#### DATA FOR PROCESSING
-- -- --
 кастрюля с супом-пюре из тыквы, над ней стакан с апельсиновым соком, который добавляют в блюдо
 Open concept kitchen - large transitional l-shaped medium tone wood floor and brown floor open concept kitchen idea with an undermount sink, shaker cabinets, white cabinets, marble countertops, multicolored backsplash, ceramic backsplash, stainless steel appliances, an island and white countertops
-- -- --
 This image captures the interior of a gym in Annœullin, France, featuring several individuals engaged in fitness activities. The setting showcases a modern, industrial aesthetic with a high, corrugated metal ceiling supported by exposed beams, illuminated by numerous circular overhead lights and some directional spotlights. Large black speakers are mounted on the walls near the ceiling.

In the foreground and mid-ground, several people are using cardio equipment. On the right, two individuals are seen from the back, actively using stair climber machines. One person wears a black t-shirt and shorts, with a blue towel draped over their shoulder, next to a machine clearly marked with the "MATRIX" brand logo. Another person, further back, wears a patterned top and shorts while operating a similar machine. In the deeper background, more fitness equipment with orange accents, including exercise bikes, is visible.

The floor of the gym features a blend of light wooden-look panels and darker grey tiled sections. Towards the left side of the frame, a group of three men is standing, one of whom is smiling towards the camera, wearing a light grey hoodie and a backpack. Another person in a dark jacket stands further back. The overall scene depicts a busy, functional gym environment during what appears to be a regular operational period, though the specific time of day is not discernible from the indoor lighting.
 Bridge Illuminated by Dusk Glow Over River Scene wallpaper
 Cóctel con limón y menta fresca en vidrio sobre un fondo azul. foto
-- -- --
#### YOUR GOAL
Everything above from the line containing "кастрюля с супом-пюре" down to the line containing "Open concept kitchen - large" should be copied exactly, both end lines included, and nothing else.

#### EXERCISE RESPONSE
 кастрюля с супом-пюре из тыквы, над ней стакан с апельсиновым соком, который добавляют в блюдо
 Open concept kitchen - large transitional l-shaped medium tone wood floor and brown floor open concept kitchen idea with an undermount sink, shaker cabinets, white cabinets, marble countertops, multicolored backsplash, ceramic backsplash, stainless steel appliances, an island and white countertops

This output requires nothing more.